Early life and education
Lucy Shapiro was born in Brooklyn, New York City, the eldest of three daughters. Her mother was an elementary school teacher and her father, a Ukrainian immigrant. She attended New York City's High School of Music and Arts with a major in Fine Arts.[5]
Shapiro enrolled in Brooklyn College with a double major in Fine Arts and Biology and the intention of becoming a medical illustrator.[6][7] As part of an experimental honors program she was able to design her own curriculum. With the encouragement of Theodore Shedlovsky,[8] she talked her way into an honors organic chemistry class. There her spatial and scientific interests reinforced each other as she visualized the spatial properties of organic molecules in three dimensions.[9] She received her A.B. in Fine Arts and Biology from Brooklyn College in 1962.[8]

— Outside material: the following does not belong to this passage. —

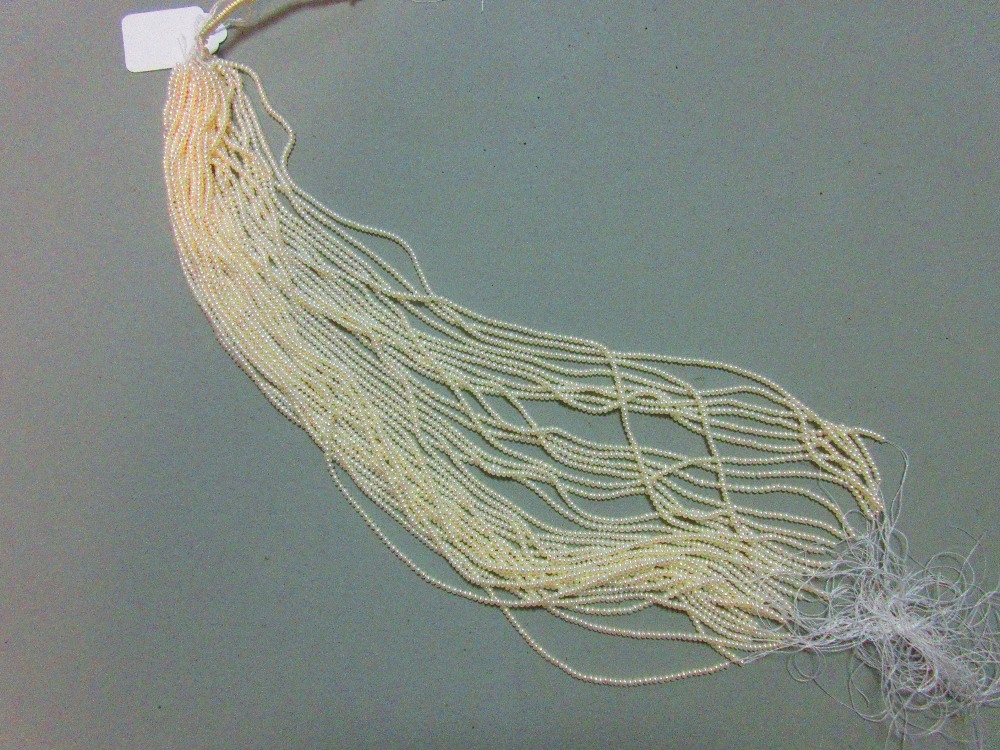 A skein of thirty three strings of 3mm cultured pearls, each string 40.5cm long, the pearls bouton - Image 3 of 3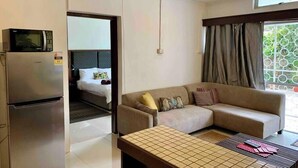 A modern hotel room with a kitchenette, a sofa, a small table, and a view of greenery through the window.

In fall 1962 Shapiro was hired as a lab technician by J. Thomas August and Jerard Hurwitz in the department of microbiology at the New York University (NYU) school of medicine.[8] Hurwitz was a co-discoverer of DNA-dependent RNA polymerase.[10] Shapiro was given the task of looking for RNA-dependent RNA polymerase using F2 RNA phage from Norton Zinder. She was successful in detecting the activity of an enzyme copying RNA. In 1963 Shapiro became a graduate student at NYU with Tom August as her advisor. The department subsequently joined the newly created department of molecular biology at the Albert Einstein College of Medicine. Shapiro also attended summer courses at Cold Spring Harbor Laboratory (CSHL) on Long Island.[8][6] Shapiro earned her Ph.D. at the Albert Einstein College of Medicine in 1966, with the thesis Replication of bacteriophage RNA.[11][12]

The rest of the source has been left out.